Summary
A path-integral representation is constructed for propagators corresponding to quantum Hamiltonian operators obtained from classical Hamiltonians by an arbitrary rule of correspondence. Each rule yields a unique way of defining the path integral in the context of a formalism which does not require a limiting process. This formalism is more reliable than the usual lattice definition in that all the expressions it entails are well defined for computational purposes and it allows the explicit evaluation of large classes of path integrals. Direct substitution in the Schrödinger equation shows that there are no restrictions on the Hamiltonian operator.
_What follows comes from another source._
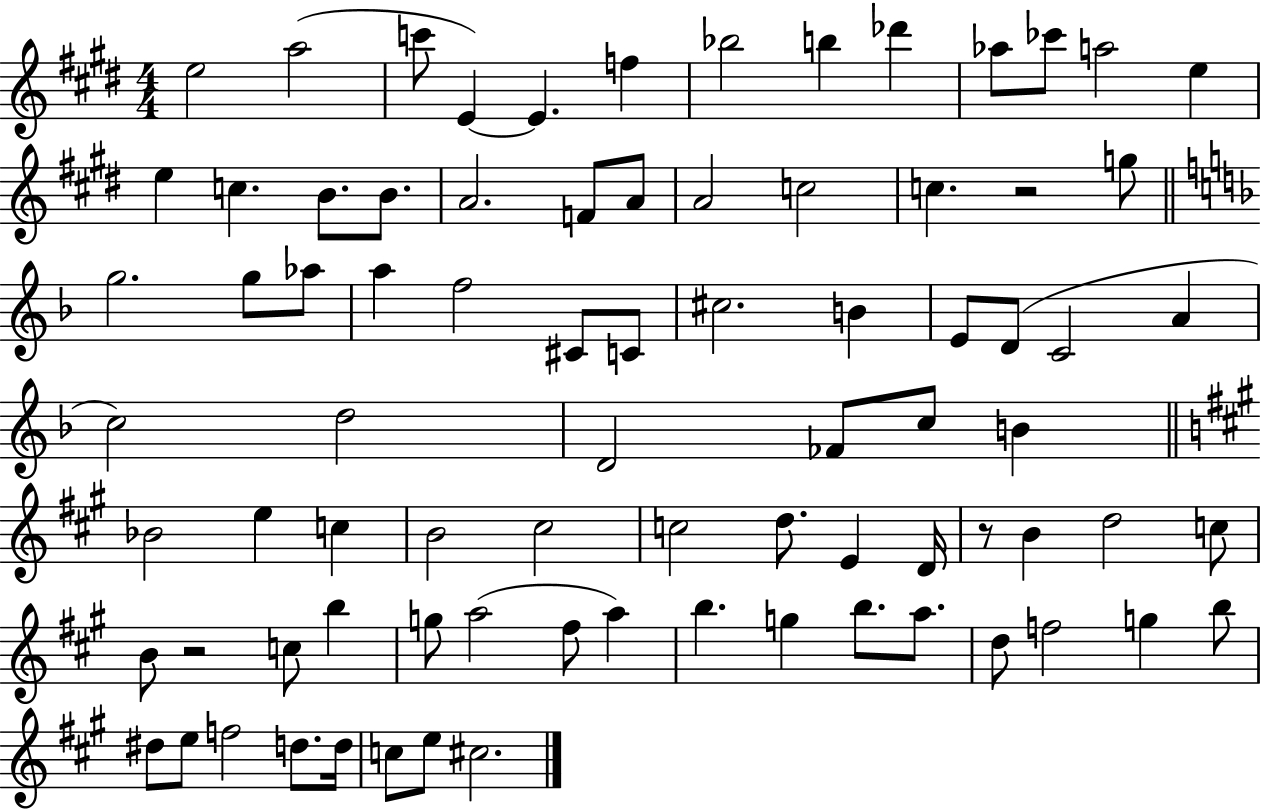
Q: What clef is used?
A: treble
Examples are given.
Riassunto
Si costruisce una rappresentazione dell’integrale del percorso per propagatori correspondenti ad operatori quanto-hamiltoniani ottenuti da hamiltoniane clamiche mediante una regola arbitraria di corrispondenza. Ogni regola fornisce un unico modo di definire l’integrale del percorso nel contesto di una formalismo che non richiede un processo limitante. Questo formalismo è più attendibile della solita definizione reticolare in quanto tutte le espressioni che esso comprende sono ben definite per fare calcoli ed esso permette una valutazione esplicita di grandi classi di integrali di percorso. La sostituzione diretta nell’equazione di Schrödinger mostra che non ci sono restrizioni sull’operatore hamiltoniano. Si danno esempi.
Резюме
Конструируется представление интегралов по траекториям для пропагаторов, соответствующих квантовым операторам Гамильтона, которые получаются из классических Гамильтонианов с помощью произвольного правила соответствия. Каждое правило дает единственный способ определения интеграла по траекториям в контексте формализма, который не требует предельного процесса. Этот формализм является более надежным, чем обычное решеточное определение, в том смысле, что все выражения точно определены для вычислительных целей, и что этот формалузм допускает точное вычисление больших классов интегралов по траекториям. Непосредственная подстановка в уравнение Шредингера показывает, что не существует ограничений на оператор Гамильтона. Поиводятся примеры.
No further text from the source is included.